Securing your system when the roof is on fire with High Availability Clusters

September 19, 2016 | BY: Tammy Carter

Download PDF

Fault tolerance systems are defined by their ability to continue operating in the event of a component failure. Essentially, fault tolerant systems need to be able to continue processing data no matter the situation (even if the system is on fire). So how do we ensure the data processing continues?

System developers must build duplicate hardware of all critical components of a system and teach the software to re-route the data flow to the alternative hardware once a failure is detected. This comes with several challenges including ensuring the software reacts only when needed and is successful in transferring the software operations to the duplicate hardware.

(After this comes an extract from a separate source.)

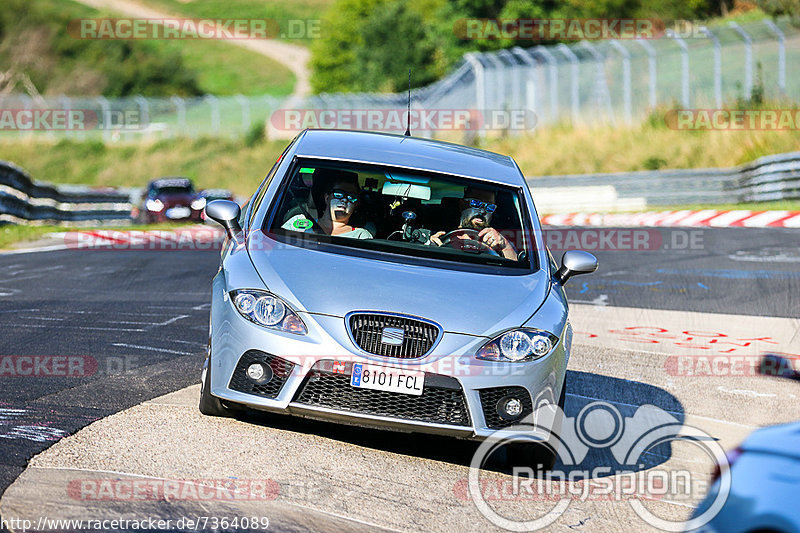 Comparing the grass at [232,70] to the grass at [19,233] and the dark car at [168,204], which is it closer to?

In a High Performance Embedded Computing (HPEC) cluster, there are compute nodes and the cluster manager, which is also known as the head node. The “head node” is the connection between HPEC cluster and the external network. It controls all other devices and eases the administration of the compute nodes. This node provisioning by the cluster manager simplifies replacing a compute node in the event of a hardware failure. This decreases the risk of any errors and allows for a confident node replacement even when the rest of the system may be failing.

While the head node offers us a secure and reliable solution during a hardware failure, the downside remains that the head node is a single point of failure for the entire system.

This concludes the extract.